Tokio Express is best known for being hit by a rogue wave on 13 February 1997 that caused her to lose cargo, including one cargo container loaded with 4.8 million pieces of Lego. Ever since, Lego pieces including octopuses, dragons, flippers and flowers have been washing up on Cornwall beaches and are commonly found after storms.[1] [2]
Tokio Express was one of four Trio class container ships built for Hapag-Lloyd by Blohm + Voss in the early 1970s. These were all 3,000-TEU class ships. The first of these was Hamburg Express, which was followed by Bremen Express, Tokio Express and finally Hongkong Express.[3]
The ships were originally powered by twin-screw. During the 1980s they all underwent a refit that included conversion to single screw propulsion, while retaining one of the turbines.[4] [5]
After changing hands several times as Hapag-Lloyd upgraded their fleet, Tokio Express was eventually scrapped in 2000. The name, with the English spelling, has since been re-used for a similar sized but much more modern container ship, launched in 2000.[6]
While en route from Rotterdam to New York City on 13 February 1997, Tokio Express was hit by a rogue wave about 20mile off Land's End.
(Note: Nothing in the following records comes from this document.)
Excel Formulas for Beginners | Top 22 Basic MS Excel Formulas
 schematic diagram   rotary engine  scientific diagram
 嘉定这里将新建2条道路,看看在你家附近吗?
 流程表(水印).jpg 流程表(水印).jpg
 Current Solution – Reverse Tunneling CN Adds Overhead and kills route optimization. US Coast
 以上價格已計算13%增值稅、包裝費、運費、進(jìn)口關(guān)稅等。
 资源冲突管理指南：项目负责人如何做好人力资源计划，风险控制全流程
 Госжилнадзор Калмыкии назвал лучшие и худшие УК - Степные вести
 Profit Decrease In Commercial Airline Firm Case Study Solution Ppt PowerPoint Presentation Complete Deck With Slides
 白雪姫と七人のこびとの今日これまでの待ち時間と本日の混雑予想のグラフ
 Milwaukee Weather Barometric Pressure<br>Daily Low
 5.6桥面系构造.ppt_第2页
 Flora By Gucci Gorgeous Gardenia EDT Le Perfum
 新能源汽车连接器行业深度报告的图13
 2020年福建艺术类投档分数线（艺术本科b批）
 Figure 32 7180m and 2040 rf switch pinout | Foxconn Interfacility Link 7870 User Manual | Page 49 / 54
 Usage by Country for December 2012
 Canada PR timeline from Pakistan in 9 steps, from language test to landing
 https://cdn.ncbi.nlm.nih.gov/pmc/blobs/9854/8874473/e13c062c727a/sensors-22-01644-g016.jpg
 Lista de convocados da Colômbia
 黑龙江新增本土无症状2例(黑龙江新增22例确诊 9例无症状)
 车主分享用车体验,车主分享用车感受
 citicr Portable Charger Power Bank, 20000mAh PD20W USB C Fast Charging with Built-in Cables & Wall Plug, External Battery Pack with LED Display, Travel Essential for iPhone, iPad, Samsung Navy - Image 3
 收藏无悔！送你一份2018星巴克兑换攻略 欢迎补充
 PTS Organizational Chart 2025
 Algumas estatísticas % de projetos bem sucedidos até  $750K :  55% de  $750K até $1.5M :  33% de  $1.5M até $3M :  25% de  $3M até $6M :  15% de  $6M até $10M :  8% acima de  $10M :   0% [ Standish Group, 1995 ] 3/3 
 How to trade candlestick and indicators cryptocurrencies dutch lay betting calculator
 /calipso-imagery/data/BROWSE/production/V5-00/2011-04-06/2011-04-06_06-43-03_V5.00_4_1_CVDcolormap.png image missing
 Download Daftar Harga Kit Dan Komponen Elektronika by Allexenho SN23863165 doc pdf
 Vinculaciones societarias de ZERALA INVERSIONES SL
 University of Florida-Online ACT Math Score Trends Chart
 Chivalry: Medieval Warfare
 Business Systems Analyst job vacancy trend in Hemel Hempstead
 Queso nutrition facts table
She tilted 60 degrees one way, then 40 degrees back, losing 62 containers overboard. She put in at Southampton for attention after the accident.[7] [8]
One of the lost containers held just under 5 million Lego pieces. Coincidentally, a large portion of these were destined for toy kits depicting sea adventures,[9] in lines including Lego Pirates and Lego Aquazone. Among the pieces were 418,000 swimming flippers, 97,500 scuba tanks, 26,600 life preservers, 13,000 spear guns, and 4,200 octopuses.[10] Sea grass, cutlasses and dragons were also well-represented.[7]
As late as 2024,[11] 27 years after the accident sometimes known as the Great Lego Spill,[12] [13] people in England, Belgium, and Ireland were still finding octopuses, dragons, diver flippers, and other plastic pieces washed ashore and caught in fishermen's nets.[7] [14] [1] Pieces may have travelled much further; a Dutch shipping clerk started an inventory which now has active participants in Florida, Georgia and the Carolinas looking for the arrival of more pieces.[9]